→ TASK TO CARRY OUT: Find and copy each line of the data that includes "ceiling".
***
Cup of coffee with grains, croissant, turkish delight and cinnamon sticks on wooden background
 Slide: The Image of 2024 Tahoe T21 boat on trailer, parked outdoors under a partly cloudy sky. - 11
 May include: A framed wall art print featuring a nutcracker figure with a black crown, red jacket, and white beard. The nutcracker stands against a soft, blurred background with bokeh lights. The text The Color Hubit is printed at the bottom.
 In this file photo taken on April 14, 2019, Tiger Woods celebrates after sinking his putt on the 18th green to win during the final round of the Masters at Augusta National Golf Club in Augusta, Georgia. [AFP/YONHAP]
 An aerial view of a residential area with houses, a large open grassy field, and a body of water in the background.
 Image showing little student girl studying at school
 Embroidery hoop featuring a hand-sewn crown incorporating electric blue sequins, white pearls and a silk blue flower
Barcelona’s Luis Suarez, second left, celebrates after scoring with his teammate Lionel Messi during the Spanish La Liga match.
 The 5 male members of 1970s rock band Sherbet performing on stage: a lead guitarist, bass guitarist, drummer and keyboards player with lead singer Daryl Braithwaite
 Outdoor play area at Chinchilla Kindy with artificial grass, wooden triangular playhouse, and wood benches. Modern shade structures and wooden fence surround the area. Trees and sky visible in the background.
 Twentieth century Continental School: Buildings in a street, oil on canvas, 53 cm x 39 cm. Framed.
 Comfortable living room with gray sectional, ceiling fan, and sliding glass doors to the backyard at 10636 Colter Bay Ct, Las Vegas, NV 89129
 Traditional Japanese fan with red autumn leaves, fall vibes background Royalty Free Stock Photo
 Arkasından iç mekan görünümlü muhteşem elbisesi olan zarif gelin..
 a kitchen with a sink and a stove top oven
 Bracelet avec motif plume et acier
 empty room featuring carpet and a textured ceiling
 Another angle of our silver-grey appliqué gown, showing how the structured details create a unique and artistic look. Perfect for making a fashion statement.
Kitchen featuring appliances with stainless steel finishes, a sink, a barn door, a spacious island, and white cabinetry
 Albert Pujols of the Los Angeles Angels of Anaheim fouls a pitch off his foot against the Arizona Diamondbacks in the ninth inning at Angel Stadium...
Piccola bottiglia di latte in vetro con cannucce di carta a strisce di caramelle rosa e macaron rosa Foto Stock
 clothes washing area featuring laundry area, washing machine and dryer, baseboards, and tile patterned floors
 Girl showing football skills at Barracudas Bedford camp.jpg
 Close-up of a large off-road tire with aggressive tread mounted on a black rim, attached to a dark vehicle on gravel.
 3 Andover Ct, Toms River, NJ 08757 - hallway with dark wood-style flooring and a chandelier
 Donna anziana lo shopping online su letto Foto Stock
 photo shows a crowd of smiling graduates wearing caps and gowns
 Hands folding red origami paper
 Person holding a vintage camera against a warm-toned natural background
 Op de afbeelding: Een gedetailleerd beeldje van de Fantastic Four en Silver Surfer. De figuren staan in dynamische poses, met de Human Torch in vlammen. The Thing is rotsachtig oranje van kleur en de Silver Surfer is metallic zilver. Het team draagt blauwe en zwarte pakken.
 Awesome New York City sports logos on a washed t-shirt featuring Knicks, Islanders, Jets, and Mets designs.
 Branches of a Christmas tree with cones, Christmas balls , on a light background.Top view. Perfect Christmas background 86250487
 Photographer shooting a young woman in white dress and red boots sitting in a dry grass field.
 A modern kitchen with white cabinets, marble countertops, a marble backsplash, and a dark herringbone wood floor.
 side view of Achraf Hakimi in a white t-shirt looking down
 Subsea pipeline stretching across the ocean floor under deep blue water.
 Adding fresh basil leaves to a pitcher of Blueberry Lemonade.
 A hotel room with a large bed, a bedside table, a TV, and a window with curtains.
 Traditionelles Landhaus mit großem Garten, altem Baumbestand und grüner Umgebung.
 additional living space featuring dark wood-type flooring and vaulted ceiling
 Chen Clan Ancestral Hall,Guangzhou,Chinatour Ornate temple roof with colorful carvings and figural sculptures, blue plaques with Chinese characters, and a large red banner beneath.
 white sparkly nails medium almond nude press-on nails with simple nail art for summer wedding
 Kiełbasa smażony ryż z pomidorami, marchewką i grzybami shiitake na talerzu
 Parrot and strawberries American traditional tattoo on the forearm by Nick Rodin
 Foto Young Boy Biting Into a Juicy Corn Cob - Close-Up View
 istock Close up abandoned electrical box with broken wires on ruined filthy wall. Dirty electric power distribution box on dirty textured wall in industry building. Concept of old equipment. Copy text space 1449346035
***
→ PROBLEM SOLUTION:
 Comfortable living room with gray sectional, ceiling fan, and sliding glass doors to the backyard at 10636 Colter Bay Ct, Las Vegas, NV 89129
 empty room featuring carpet and a textured ceiling
 additional living space featuring dark wood-type flooring and vaulted ceiling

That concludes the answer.